Where despite sporting more new faces than we had seen in a long time, the 2014-2018 Council has in our view not lived up to what were pretty modest expectations. On the biggest issue likely to face Hamilton in a generation, some of the most senior members of council allowed themselves to be manoeuvered into a corner on the LRT issue which a majority of them and their constituents opposed. Afraid to clearly state their position and to vote their conscience they allowed fearmongering of being tagged with rejecting a billion dollar gift to be the deciding factor, not what they believed was best for Hamilton. In the previous administration most of the same councillors voted to muzzle Bob Bratina as he dealt with transit issues at Queen’s Park suggesting he was not reflecting the mood of council. But they did nothing when Fred Eisenberger went back on his campaign promise to consult with the public on LRT and instead took a very early opportunity to go to Queen’s Park to lobby the Premier for LRT cash. Only late in the current term did it occur to some councillors that Queen’s Park might not be getting a true picture of transit sentiment in Hamilton. Now they will be forced to publicly face the issue in an election that will be fought largely on the issue of transit. There will be no place to hide this time.

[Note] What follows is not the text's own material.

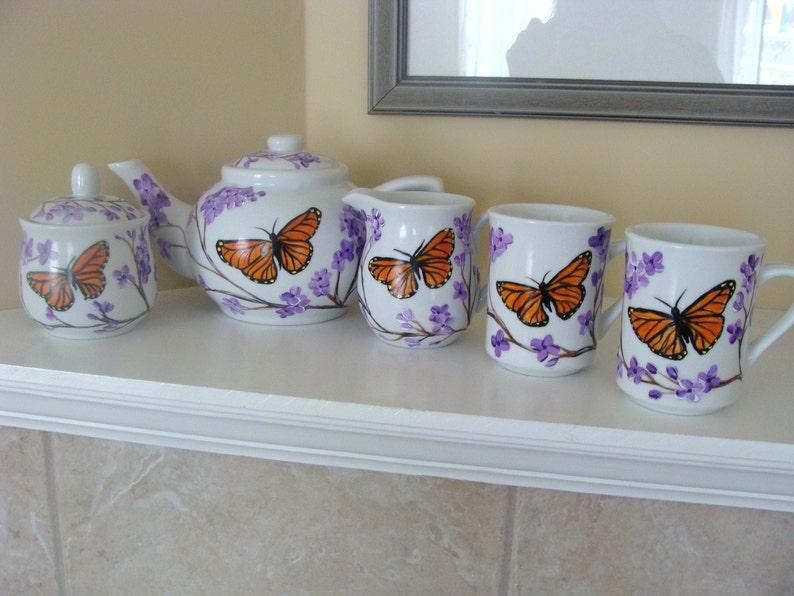 Spring Entertaining Lilac Mom Gift Tea set Burnt Orange Garden Party Mother/'s Day Gift Monarch Butterfly Cream and Sugar Butterflies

Once again they took the course of least resistance on the critical ward boundary issue, hoping somehow that the status quo could be preserved in the face of unsupportable inequities in ward population. It took the actions of private citizens to force the issue and the result was a humiliating OMB ruling that will result in substantial changes in voter composition for several wards held by some of the longest-tenured councillors. Like at least two previous councils, they circled the wagons around the Waterfront Trust—the bankrupt and secretive agency, that loses money regularly despite receiving millions in sole-sourced make-work projects from the city, and now has dragged the city into a $14 Million dollar lawsuit brought about by its incompetent handling of the Sarcoa lease.

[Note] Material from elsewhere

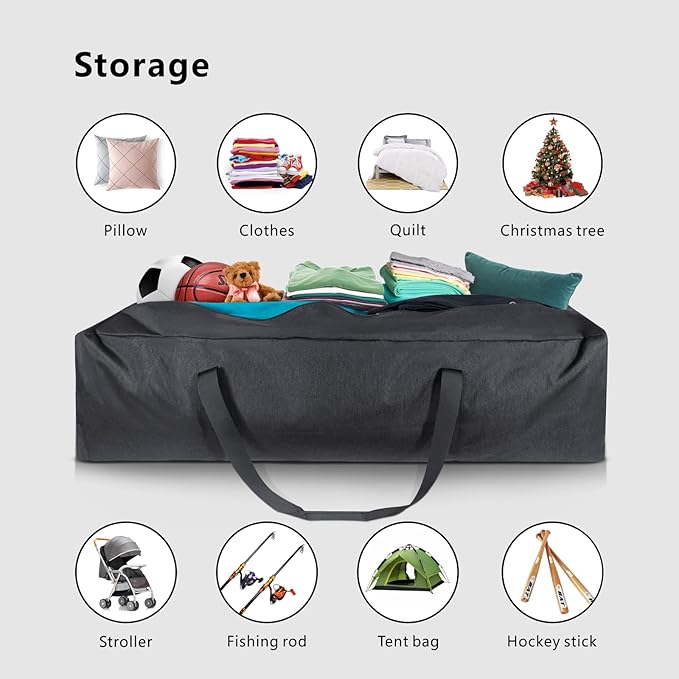 TOPDesign 46 Inch Extra Large Zippered Duffel Bag for Travel Camping Sports Equipment Storage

The fact is, the demands of the job have extended beyond the capabilities of some, not all, members of this council. They receive a decent full-time salary but a number are seldom seen at City Hall except for meetings. The glaring need for more financial literacy around the table is palpable. Some councillors have their go-to guys on staff, and some staff have their go-to guys on council (and, by the way, it is mostly guys)—making a travesty of the “five pillars of corporate culture” that the City espouses. At least two consultant reports suggest morale is terrible among the 7,000 –odd city workers, a majority of whom feel they have to compromise their ethics in order to survive. Until we get a council that is prepared to re-institute some basic standards of good government the problem will not go away. That is not likely to happen with the current crop of councillors who either are the problem or are enablers of the problem through their silence.